Why We Need a Women’s History of the Roman Empire
Emma Southon Offers Five Myth-busting Facts About Women in Ancient Rome
There is a story from the 1970s often told by Roman historians of gender. It goes like this: students at an American college approached their male professor, a revered Roman historian, to request a course on women in Roman history. They, being among the first women ever to study ancient history at this university, wanted to see themselves on their syllabus.
Their professor disagreed. To their dismay, he replied that he may as well do a course on Roman dogs. The professor’s meaning was clear: women have no place in history. History is not about women, or children or non-binary people or indeed dogs. History, to him and to an awful lot of people, is the Doing of Important Things. It is winning battles and having Important Opinions In Public. History is politics and public deeds.
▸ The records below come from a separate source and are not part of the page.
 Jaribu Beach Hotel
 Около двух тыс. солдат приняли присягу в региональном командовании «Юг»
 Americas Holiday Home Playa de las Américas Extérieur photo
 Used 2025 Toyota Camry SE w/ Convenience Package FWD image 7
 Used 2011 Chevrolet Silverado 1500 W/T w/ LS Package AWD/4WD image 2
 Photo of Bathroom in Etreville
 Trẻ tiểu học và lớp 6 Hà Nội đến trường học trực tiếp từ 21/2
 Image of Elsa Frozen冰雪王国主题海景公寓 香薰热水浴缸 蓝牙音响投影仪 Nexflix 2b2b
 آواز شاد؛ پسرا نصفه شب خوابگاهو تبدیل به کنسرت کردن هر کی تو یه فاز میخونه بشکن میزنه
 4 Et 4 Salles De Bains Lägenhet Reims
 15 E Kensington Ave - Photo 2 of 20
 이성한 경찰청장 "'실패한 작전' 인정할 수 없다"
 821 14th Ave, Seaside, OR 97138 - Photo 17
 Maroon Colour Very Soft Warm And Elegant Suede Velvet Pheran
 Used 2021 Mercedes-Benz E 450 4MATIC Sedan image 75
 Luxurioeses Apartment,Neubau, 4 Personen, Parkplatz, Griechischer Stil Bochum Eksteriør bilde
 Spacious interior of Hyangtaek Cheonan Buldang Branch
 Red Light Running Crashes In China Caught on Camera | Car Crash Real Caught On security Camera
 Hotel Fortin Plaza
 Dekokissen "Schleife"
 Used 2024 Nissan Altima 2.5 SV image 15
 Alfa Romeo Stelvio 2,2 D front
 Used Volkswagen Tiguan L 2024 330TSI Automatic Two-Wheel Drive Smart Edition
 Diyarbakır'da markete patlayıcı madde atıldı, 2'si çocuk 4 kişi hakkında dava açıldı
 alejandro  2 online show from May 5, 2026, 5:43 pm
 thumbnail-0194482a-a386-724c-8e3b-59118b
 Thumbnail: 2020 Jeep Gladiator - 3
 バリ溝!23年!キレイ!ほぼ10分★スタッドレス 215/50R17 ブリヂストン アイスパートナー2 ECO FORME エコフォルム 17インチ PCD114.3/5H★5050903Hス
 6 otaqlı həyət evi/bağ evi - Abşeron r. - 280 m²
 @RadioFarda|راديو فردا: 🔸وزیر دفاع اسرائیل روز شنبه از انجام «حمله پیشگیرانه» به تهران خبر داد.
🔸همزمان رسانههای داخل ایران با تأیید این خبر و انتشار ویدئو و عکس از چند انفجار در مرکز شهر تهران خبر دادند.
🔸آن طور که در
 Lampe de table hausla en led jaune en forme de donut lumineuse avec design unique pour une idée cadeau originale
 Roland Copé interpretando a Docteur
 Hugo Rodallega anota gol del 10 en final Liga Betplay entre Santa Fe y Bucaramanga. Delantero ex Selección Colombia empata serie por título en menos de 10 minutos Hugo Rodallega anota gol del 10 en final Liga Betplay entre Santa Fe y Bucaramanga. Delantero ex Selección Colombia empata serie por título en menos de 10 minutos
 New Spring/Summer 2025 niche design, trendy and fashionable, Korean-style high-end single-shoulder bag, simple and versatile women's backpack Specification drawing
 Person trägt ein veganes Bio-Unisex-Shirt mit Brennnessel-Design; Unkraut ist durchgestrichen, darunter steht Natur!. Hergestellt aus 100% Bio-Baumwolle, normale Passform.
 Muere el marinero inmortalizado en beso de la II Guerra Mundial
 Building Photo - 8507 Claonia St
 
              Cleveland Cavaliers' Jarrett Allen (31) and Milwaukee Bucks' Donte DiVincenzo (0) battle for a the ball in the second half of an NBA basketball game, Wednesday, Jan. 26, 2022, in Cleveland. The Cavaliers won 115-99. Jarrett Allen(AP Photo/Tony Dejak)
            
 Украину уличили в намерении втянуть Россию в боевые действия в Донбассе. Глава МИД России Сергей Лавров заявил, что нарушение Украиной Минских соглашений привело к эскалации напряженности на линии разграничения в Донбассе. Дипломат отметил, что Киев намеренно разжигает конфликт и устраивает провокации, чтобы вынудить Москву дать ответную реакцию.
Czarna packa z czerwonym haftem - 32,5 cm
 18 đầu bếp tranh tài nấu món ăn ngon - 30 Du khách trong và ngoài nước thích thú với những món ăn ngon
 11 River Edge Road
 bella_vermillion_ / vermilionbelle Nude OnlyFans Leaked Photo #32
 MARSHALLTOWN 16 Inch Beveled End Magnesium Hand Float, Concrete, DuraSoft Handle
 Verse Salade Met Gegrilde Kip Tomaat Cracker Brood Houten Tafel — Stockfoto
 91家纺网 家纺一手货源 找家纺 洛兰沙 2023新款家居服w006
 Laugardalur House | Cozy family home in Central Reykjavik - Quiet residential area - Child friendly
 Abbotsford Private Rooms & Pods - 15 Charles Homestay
Women don’t make history.
The history of the Roman Empire is usually told in this mould. It starts with Romulus, moves through Brutus overthrowing Tarquin, bounces through an appallingly tedious list of expansionist battles and generals and consuls, before emerging into the political stab-fest of the Late Republic. From there, it runs through all the emperors, occasionally mentioning a wife or mother to show how badly things can go when women take control, until Constantine invents Christianity and then Attila the Hun rolls up and ruins it.
But the history of Rome and its empire is so much more than just emperors and politicians and generals. History is so much more than Important Things. You and I, right now, are living through history. In the future, history books will be written about the times we live in, and we won’t be in them because we (mostly) do not do Important Things.
History, though, still includes us. It includes women who are not prime ministers or queens or capital-I Important. History happens to women (and men) as much as they make it.
My new book, A Rome of One’s Own: The Forgotten Women of the Roman Empire, is a revisionist history of the Roman Empire with Important Things relegated to the background. This is a history of the things the Roman male historians and biographers never wanted to write about and certainly didn’t want us to be writing about. This is a history of the things the Roman history writers designated as domestic, feminine, boring and worthless. It is a history of individuals, because, to quote Svetlana Alexievich, “this miniature expanse: one person, the individual. It’s where everything really happens.”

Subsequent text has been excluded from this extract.